Monday, April 23, 2012

Remember their names

I was at the New England Folk Festival this weekend, listening to a ballad singer from Kentucky singing “Pretty Polly.” It's a classic murder ballad in which Polly's jealous lover brings her to the woods:

Oh Willie, oh Willie, I'm afraid of your ways
I'm afraid you will lead my poor body astray.

Pretty Polly, pretty Polly, your guess is just right
I dug on your grave the best part of last night.

He stabbed her to the heart and her heart's blood did flow
And into the grave pretty Polly did go.


And it struck me, as it sometimes does, how full this tradition is of violence to women. Yes, there are ballads where men get killed by other men. And there is a little female-on-female violence, as in “The Twa Sisters.” There's plenty of suicide and occasional infanticide.

But most often, it's men killing women. A ballad about a female wrongdoer is one where she cheats on her lover. A ballad about a male wrongdoer is usually one where he murders his lover.

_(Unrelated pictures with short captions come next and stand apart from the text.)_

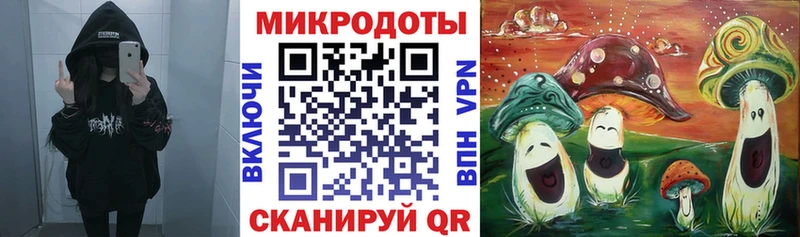 Псилоцибиновые грибы Cubensis  Чухлома 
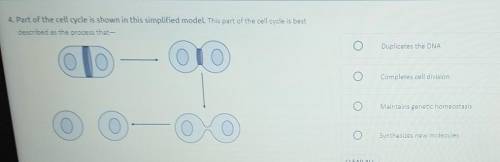 4. Part of the cell cycle is shown in this simplified model. This part of the cell cycle is best de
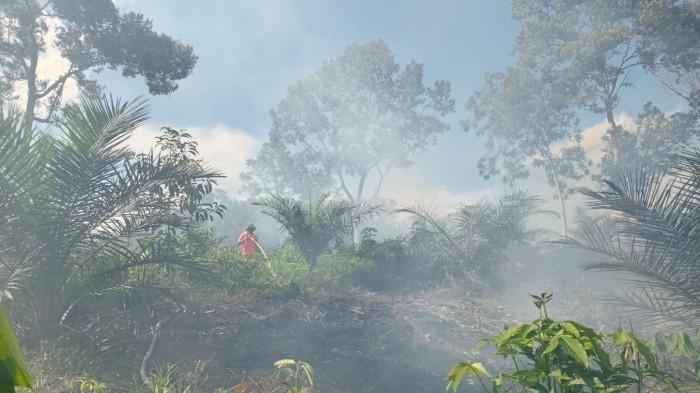 Panas Terik Matahari, Kasus Karhutla Bertambah Tiap Hari di Kampar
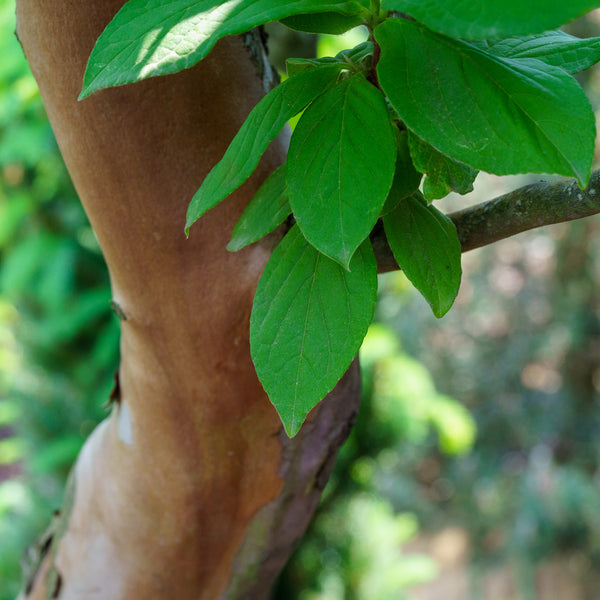 Japanese Stewartia - Other Flowering Trees - Flowering Trees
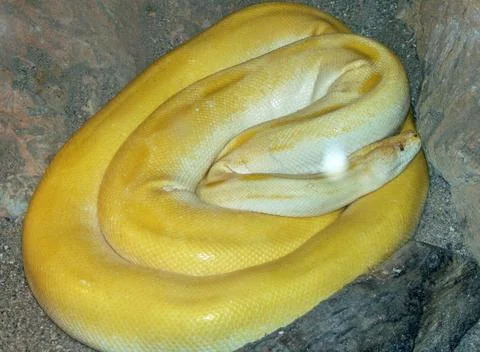 Yellow snake. Closeup view. Macro Stockfoto's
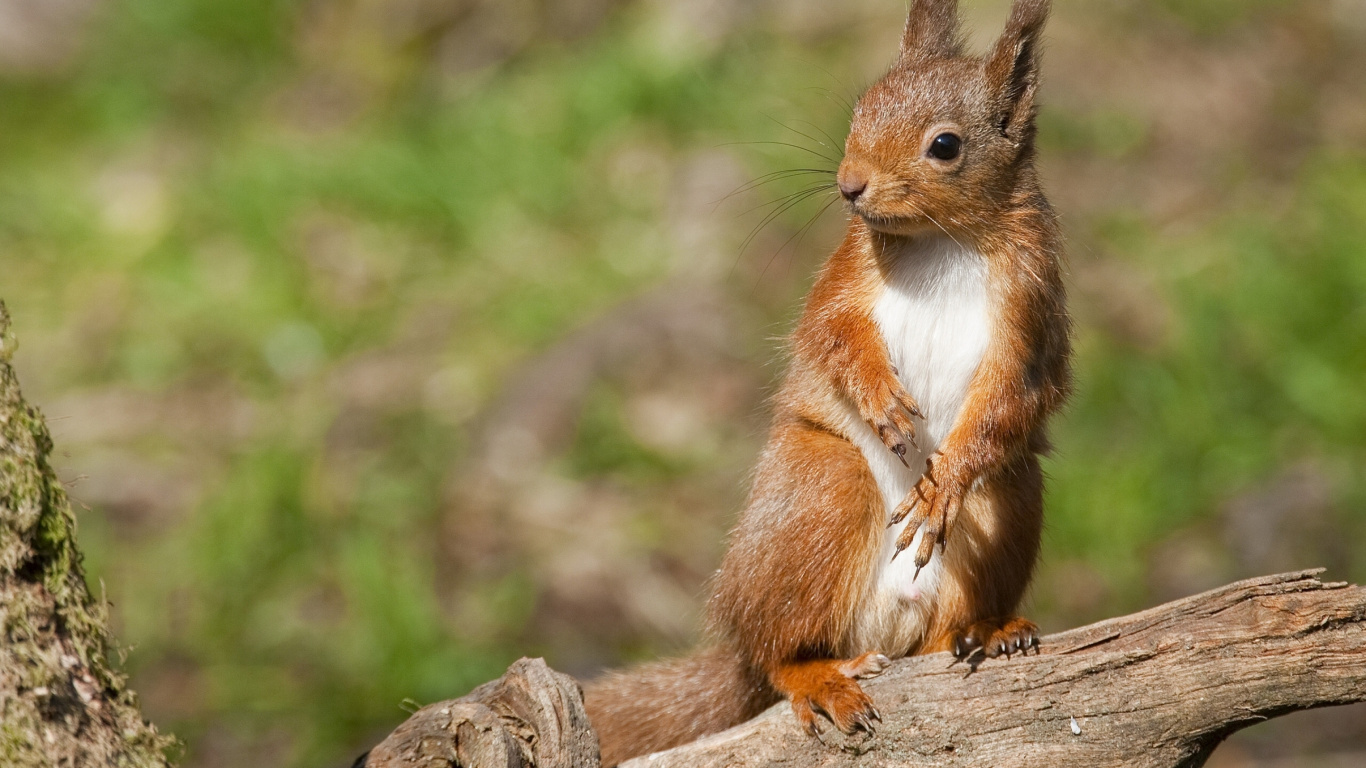 Ardilla Marrón en la Rama de un Árbol Marrón Durante el Día. Wallpaper in 1366x768 Resolution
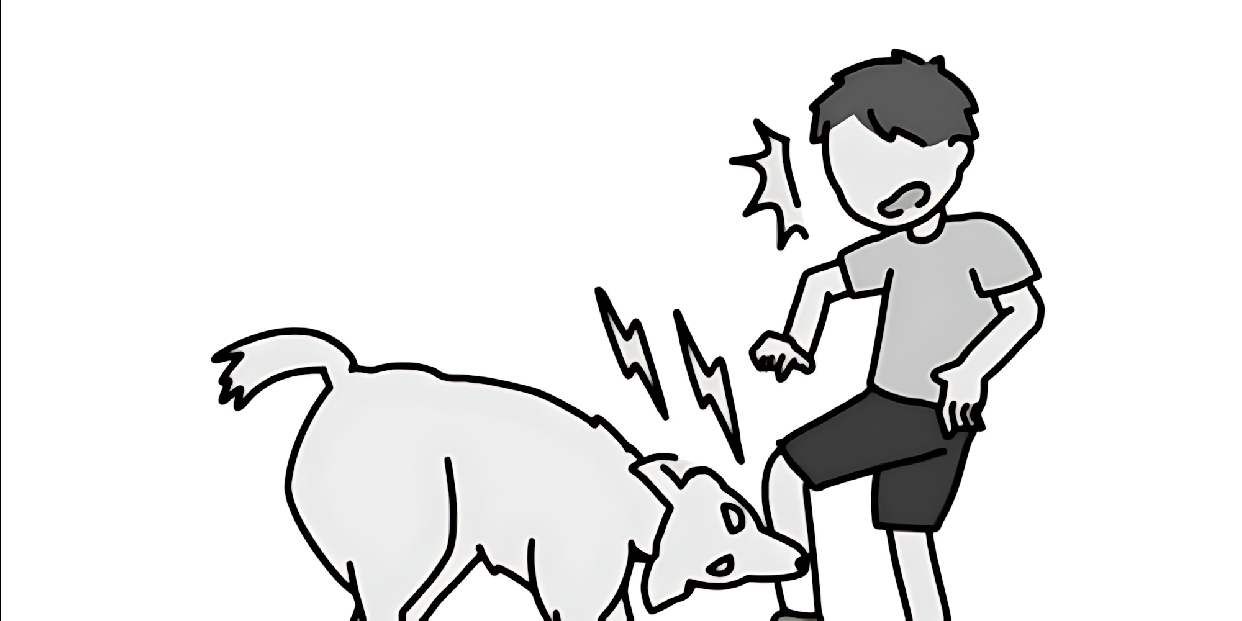 Tájékoztató kutyatámadás esetén szükséges teendőkről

There's the supremely creepy “Longlankin”:

My lady came down
Not thinking any harm
Longlankin stood ready
To catch her in his arms.

There's blood in the kitchen
There's blood in the hall
There's blood in the parlor
Where my lady did fall.


There's the highwayman ballad “All Alone and Lonely” (with a very amateur robber who somehow doesn't have any better weapon than a penknife):

It's will you be a robber's wife?
All alone and lonely
Or will you die by my penknife?
Down by the green woodsidey-o

I will not be a robber's wife
All alone and lonely
And so he took her own sweet life
Down by the green woodsidey-o.


As a teenager, I loved the gory ballads. Now I feel the weight of them. From the forests of England to the deserts of Juarez, the murders are real. A few weeks ago I saw Peggy Seeger singing “Tom Dula”, about an actual murder from 1866.

You killed poor Laura Foster,
And you know you're bound to die.


Peggy paused the song and said, “I want to remember their names, the women who died.”